Managing NFS and NIS, 2nd Edition - Mike Eisler [238]
However, all tuning processes are subject to a law of diminishing returns. Getting the last 5-10% out of an application usually means hand-rolling loops or reading assembly language listings. Fine-tuning a network server to an "optimum" configuration may yield that last bit of performance, but the next network change or new client added to the system may make performance of the finely tuned system worse than that of an untuned system. If other aspects of the computing environment are neglected as a result of the incremental server tuning, then the benefits of fine-tuning certainly do not justify its costs.
Our approach will be to make things "close enough for jazz." Folklore has it that jazz musicians take their instruments from their cases, and if all of the keys, strings, and valves look functional, they start playing music. Fine-tuning instruments is frowned upon, especially when the ambient street noise masks its effects. Simply ensuring that network and server performance are acceptable — and remain consistently acceptable in the face of network changes — is often a realistic goal for the tuning process.
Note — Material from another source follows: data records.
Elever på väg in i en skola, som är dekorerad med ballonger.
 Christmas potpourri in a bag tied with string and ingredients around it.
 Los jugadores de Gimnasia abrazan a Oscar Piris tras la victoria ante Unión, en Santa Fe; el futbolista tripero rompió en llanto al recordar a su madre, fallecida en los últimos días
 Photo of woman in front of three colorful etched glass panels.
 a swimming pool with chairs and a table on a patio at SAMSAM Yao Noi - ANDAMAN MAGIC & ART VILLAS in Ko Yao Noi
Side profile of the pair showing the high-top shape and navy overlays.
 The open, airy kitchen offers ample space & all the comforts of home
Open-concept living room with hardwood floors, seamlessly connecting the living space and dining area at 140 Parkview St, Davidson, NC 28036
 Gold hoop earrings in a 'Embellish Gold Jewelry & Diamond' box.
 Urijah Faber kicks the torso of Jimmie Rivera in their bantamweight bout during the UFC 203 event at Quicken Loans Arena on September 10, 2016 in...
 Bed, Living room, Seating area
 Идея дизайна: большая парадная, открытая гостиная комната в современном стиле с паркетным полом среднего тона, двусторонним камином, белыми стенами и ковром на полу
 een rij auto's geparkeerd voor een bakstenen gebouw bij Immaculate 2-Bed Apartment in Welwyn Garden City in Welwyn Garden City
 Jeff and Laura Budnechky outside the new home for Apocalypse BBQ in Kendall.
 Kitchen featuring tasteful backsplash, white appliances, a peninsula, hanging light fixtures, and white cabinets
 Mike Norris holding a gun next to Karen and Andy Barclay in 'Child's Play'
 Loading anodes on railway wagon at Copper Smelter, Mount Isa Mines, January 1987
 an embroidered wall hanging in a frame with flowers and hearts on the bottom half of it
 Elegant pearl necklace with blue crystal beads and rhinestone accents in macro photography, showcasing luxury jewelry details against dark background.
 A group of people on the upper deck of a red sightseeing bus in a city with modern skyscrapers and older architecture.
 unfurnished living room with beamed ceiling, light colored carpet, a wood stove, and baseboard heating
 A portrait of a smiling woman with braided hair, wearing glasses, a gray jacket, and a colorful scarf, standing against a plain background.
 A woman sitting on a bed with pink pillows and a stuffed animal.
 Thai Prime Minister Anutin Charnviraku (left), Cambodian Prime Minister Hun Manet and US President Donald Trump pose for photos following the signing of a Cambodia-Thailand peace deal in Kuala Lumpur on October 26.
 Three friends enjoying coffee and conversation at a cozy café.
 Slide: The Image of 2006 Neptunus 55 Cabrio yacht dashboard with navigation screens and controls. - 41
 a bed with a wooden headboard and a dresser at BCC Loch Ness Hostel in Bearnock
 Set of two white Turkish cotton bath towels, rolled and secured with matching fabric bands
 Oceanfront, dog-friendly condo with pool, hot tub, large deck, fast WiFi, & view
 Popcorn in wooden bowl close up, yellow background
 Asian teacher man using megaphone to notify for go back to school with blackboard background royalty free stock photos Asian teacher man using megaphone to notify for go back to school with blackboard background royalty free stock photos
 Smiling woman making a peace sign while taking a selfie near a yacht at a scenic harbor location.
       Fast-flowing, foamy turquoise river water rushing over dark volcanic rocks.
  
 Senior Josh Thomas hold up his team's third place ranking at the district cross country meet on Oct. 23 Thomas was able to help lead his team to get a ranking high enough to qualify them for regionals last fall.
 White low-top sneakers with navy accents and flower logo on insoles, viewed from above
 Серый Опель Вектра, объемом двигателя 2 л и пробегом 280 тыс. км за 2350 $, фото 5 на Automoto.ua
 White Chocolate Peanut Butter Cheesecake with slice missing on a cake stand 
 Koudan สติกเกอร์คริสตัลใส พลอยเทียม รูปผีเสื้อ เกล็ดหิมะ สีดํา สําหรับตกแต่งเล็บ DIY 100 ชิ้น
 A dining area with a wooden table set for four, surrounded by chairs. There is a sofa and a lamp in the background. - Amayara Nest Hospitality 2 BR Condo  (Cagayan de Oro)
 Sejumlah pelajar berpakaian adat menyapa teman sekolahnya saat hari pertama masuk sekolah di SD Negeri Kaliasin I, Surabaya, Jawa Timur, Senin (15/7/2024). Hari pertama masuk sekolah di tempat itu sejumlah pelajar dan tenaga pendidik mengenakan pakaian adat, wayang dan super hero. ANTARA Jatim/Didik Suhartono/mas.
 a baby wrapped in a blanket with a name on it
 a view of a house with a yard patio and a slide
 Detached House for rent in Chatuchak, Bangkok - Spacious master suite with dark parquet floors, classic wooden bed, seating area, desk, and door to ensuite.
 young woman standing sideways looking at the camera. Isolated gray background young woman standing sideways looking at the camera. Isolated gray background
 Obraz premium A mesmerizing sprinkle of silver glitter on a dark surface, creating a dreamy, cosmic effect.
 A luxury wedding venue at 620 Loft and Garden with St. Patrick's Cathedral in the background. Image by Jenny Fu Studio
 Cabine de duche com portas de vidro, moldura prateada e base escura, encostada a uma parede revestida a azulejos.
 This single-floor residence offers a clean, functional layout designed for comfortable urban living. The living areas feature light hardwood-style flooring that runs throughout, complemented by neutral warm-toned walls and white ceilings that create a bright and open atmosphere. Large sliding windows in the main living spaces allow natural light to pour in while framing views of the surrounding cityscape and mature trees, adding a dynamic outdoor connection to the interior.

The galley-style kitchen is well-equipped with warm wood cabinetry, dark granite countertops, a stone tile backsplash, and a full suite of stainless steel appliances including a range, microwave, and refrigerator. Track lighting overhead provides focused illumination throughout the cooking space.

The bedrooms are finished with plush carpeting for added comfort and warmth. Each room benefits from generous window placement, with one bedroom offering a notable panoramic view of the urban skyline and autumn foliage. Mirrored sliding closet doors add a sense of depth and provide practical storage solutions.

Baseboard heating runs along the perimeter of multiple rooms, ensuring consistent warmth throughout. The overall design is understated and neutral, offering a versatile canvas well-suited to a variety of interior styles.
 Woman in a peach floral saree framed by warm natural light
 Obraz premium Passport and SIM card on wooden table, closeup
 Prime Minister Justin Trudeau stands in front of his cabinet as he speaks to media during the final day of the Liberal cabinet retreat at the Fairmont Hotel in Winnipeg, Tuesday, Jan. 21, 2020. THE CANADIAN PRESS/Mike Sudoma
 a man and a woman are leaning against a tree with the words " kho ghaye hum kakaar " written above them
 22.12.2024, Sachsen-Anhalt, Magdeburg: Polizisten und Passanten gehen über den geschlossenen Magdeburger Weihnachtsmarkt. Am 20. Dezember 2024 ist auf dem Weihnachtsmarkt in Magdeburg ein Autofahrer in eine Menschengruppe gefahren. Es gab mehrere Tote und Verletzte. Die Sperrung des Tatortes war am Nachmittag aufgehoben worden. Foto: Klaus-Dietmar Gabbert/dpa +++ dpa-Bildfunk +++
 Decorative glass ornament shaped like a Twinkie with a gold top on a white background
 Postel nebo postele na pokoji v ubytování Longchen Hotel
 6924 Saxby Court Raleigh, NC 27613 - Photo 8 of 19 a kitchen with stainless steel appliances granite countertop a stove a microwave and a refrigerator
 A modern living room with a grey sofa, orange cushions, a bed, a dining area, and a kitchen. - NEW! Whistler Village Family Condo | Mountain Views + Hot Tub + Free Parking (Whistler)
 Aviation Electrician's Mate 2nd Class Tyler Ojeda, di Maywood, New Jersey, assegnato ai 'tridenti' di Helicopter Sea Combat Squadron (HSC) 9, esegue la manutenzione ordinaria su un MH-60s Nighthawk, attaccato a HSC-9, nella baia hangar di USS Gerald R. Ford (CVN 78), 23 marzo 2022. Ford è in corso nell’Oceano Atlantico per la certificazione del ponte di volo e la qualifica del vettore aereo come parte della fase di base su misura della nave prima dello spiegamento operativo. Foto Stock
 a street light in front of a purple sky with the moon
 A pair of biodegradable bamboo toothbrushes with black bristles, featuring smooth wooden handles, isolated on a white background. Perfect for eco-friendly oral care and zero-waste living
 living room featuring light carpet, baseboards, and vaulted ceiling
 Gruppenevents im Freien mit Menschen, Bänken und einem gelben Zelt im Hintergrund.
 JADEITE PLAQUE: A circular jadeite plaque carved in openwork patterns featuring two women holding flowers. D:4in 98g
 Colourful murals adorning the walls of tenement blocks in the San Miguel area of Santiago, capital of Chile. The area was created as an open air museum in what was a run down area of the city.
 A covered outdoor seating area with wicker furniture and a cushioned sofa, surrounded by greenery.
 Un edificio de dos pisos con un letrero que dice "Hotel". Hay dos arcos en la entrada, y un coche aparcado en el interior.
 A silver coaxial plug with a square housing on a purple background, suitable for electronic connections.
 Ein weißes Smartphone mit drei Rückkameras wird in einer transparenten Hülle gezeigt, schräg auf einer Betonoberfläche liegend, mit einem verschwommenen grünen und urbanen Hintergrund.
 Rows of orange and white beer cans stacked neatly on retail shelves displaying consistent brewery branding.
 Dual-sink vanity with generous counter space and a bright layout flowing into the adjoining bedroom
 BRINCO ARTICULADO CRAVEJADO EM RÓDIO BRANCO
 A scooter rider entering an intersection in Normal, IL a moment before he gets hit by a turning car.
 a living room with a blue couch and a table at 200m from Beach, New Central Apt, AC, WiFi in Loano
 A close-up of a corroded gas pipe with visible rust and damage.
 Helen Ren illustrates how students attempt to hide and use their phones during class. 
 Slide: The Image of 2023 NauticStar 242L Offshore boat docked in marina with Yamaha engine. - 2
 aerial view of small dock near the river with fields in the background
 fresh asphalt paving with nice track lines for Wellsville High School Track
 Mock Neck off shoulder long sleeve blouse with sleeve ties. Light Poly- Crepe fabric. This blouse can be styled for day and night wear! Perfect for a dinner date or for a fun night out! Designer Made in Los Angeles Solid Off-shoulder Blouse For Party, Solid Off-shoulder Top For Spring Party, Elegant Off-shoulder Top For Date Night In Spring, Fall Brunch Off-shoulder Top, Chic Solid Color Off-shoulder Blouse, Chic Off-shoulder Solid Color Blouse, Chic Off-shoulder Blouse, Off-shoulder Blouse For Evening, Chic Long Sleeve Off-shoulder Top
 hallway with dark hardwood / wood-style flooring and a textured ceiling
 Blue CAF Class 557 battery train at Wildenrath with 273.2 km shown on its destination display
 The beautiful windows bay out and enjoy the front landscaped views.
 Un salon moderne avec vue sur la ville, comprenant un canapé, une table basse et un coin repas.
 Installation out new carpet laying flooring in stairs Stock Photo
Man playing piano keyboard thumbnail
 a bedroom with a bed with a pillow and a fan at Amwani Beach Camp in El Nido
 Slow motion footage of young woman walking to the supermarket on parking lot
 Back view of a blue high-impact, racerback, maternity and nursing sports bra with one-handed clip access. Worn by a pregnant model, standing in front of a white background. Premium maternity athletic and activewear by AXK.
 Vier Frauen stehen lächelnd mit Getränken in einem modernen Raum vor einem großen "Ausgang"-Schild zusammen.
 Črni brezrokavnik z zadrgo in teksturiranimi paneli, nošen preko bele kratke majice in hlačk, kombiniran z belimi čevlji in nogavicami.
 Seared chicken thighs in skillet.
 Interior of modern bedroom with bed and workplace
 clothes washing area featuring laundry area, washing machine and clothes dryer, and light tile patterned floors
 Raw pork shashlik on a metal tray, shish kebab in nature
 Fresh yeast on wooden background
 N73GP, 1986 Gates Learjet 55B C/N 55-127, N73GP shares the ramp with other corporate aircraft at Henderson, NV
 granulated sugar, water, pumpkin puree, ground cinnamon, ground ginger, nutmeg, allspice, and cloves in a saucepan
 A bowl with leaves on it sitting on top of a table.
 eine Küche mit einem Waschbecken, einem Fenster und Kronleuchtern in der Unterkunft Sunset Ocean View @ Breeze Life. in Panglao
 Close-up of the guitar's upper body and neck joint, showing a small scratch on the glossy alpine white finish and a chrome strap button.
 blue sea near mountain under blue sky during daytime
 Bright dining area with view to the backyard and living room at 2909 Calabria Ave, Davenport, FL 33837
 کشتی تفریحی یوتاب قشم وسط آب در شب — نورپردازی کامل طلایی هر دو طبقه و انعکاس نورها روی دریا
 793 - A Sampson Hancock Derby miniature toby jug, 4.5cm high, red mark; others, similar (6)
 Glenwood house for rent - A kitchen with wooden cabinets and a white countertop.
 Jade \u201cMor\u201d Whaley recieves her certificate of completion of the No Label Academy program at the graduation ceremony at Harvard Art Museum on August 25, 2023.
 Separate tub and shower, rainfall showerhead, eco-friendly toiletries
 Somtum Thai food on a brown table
As a network manager, you are also faced with the task of balancing the demands of individual users against the global constraints of the network and its resources. Users have a local view: they always want their machines to run faster, but the global view of the system administrator must be to tune the network to meet the aggregate demands of all users. There are no constraints in NFS or NIS that keep a client from using more than its fair share of network resources, so NFS and NIS tuning requires that you optimize both the servers and the ways in which the clients use these servers.[1]
Characterization of NFS behavior
You must be able to characterize the demands placed on your servers as well as available configuration options before starting the tuning process. You'll need to know the quantities that you can adjust, and the mechanisms used to measure the success of any particular change. Above all else, it helps to understand the general behavior of a facility before you begin to measure it. In the first part of this book, we have examined individual NFS and NIS requests, but haven't really looked at how they are generated in "live" environments.
NFS requests exhibit randomness in two ways: they are typically generated in bursts, and the types of requests in each burst usually don't have anything to do with each other. It is very rare to have a steady, equally spaced stream of requests arriving at any server. The typical NFS request generation pattern involves a burst of requests as a user loads an application from an NFS server into memory or when the application reads or writes a file. These bursts are followed by quiet periods when the user is editing, thinking, or eating lunch. In addition, the requests from one client are rarely coordinated with those from another; one user may be reading mail while another is building software. Consecutive NFS requests received by a server are likely to perform different functions on different parts of one or more disks.
NFS traffic volumes also vary somewhat predictably over the course of a day. In the early morning, many users read their mail, placing a heavier load on a central mail server; at the end of the day most file servers will be loaded as users wrap up their work for the day and write out modified files. Perhaps the most obvious case of time-dependent server usage is a student lab. The hours after class and after dinner are likely to be the busiest for the lab servers, since that's when most people gravitate toward the lab.